PISA – “Non farò danni al Pd, perché penso che in un partito plurale come il nostro si possa esprimere le proprie opinioni anche senza dover poi portare via il pallone con il quale si gioca”. Così il governatore toscano Enrico Rossi ha spiegato, ieri a Pontedera, le ragioni della sua scelta di candidarsi alla segreteria del Pd per il congresso atteso nel 2017.
Una “terza via”, la proposta delineata da Rossi, orgogliosamente non renziana ma neppure anti-renziana. “Mi candido per un partito più a sinistra, per uscire dal blocco tra renzismo e antirenzismo. Per più sinistra e memoria, che non è nostalgia ma non può essere neppure vergogna”.

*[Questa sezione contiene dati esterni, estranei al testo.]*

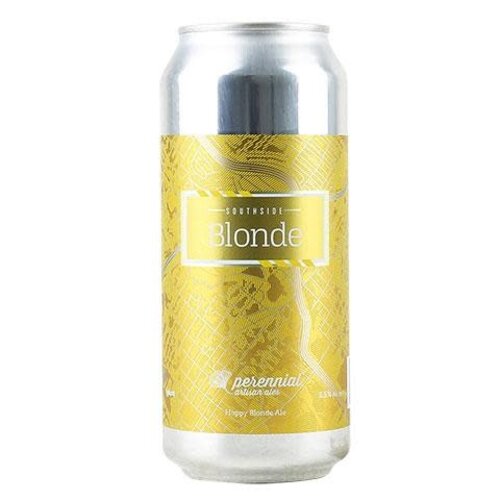 Perennial "Southside Blonde" Blonde Ale 16oz can - St. Louis, MO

Occupazione, lavoro, Europa, sviluppo, uguaglianza, i temi ricordati nel dicorso di Rossi, che nelle citazioni ha spaziato da Bobbio a Berlinguer a La Pira. “Non si può dare solo rottamazione e deserto, anche memoria; non solo un comitato elettorale. Serve territorio e partecipazione, una classe dirigente, altrimenti decide chi ha i soldi, i “padroni del vapore” “.
Dal Pd toscano di marca renziana l’accoglienza è a dir poco gelida: “Enrico lo vedo isolato più che autonomo – chiosa il segretario toscano del PD Dario Parrini – e il ruolo di premier, lo dico con amicizia, ad Enrico va decisamente troppo largo”.
Sceglie l’ironia il renzianissimo eurodeputato Dario Danti: “Rossi l’ha già annunciato quattro volte: se sente il bisogno di ripeterlo ogni due mesi significa che fino ad ora la sua candidatura non ha raccolto molti consensi. Enrico, ritenta e sarai più fortunato!”